Always activate the virtual environment before using Skill Seeker:

source venv/bin/activate  # Run this each time you start a new terminal session

Easiest: Use a Preset

# Make sure venv is activated (you should see (venv) in your prompt)
source venv/bin/activate

# Optional: Estimate pages first (fast, 1-2 minutes)
python3 cli/estimate_pages.py configs/godot.json

# Use Godot preset
python3 cli/doc_scraper.py --config configs/godot.json

# Use React preset
python3 cli/doc_scraper.py --config configs/react.json

# See all presets
ls configs/

Interactive Mode

python3 cli/doc_scraper.py --interactive

Quick Mode

python3 cli/doc_scraper.py \
  --name react \
  --url https://react.dev/ \
  --description "React framework for UIs"

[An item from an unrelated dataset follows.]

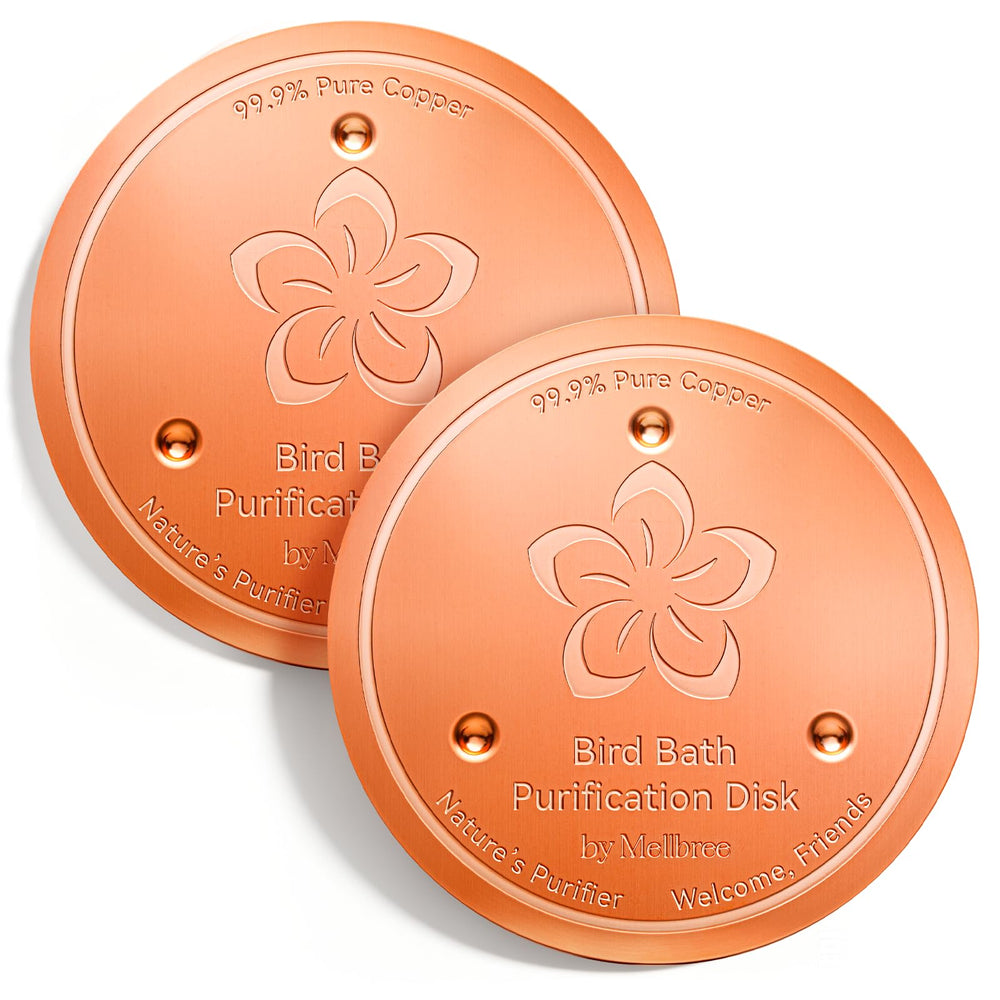 Mellbree Bird Bath Copper Disc front view, flower design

📤 Uploading Skills to Claude

Once your skill is packaged, you need to upload it to Claude:

Option 1: Automatic Upload (API-based)

# Set your API key (one-time)
export ANTHROPIC_API_KEY=sk-ant-...

# Package and upload automatically
python3 cli/package_skill.py output/react/ --upload

# OR upload existing .zip
python3 cli/upload_skill.py output/react.zip

Benefits:

✅ Fully automatic
✅ No manual steps
✅ Works from command line

Requirements:

Anthropic API key (get from https://console.anthropic.com/)

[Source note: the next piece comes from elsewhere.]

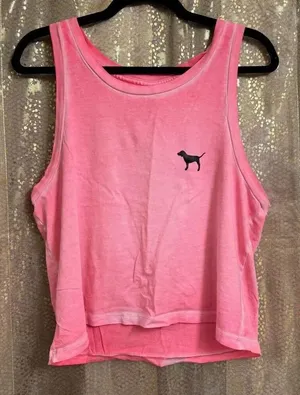 PINK Victorias Secret Bright Pink Cropped Faded Dyed‎ Tank Top Medium thumbnail 1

Option 2: Manual Upload (No API Key)

# Package skill
python3 cli/package_skill.py output/react/

# This will:
# 1. Create output/react.zip
# 2. Open the output/ folder automatically
# 3. Show upload instructions

# Then manually upload:
# - Go to https://claude.ai/skills
# - Click "Upload Skill"
# - Select output/react.zip
# - Done!

Benefits:

✅ No API key needed
✅ Works for everyone
✅ Folder opens automatically

Option 3: Claude Code (MCP) - Smart & Automatic

In Claude Code, just ask:
"Package and upload the React skill"

# With API key set:
# - Packages the skill
# - Uploads to Claude automatically
# - Done! ✅

# Without API key:
# - Packages the skill
# - Shows where to find the .zip
# - Provides manual upload instructions

Benefits:

✅ Natural language
✅ Smart auto-detection (uploads if API key available)
✅ Works with or without API key
✅ No errors or failures

📁 Simple Structure

doc-to-skill/
├── cli/
│   ├── doc_scraper.py      # Main scraping tool
│   ├── package_skill.py    # Package to .zip
│   ├── upload_skill.py     # Auto-upload (API)
│   └── enhance_skill.py    # AI enhancement
├── mcp/                    # MCP server for Claude Code
│   └── server.py           # 9 MCP tools
├── configs/                # Preset configurations
│   ├── godot.json         # Godot Engine
│   ├── react.json         # React
│   ├── vue.json           # Vue.js
│   ├── django.json        # Django
│   └── fastapi.json       # FastAPI
└── output/                 # All output (auto-created)
    ├── godot_data/        # Scraped data
    ├── godot/             # Built skill
    └── godot.zip          # Packaged skill

✨ Features

1. Fast Page Estimation (NEW!)

python3 cli/estimate_pages.py configs/react.json

# Output:
📊 ESTIMATION RESULTS
✅ Pages Discovered: 180
📈 Estimated Total: 230
⏱️  Time Elapsed: 1.2 minutes
💡 Recommended max_pages: 280

Benefits:

Know page count BEFORE scraping (saves time)
Validates URL patterns work correctly
Estimates total scraping time
Recommends optimal max_pages setting
Fast (1-2 minutes vs 20-40 minutes full scrape)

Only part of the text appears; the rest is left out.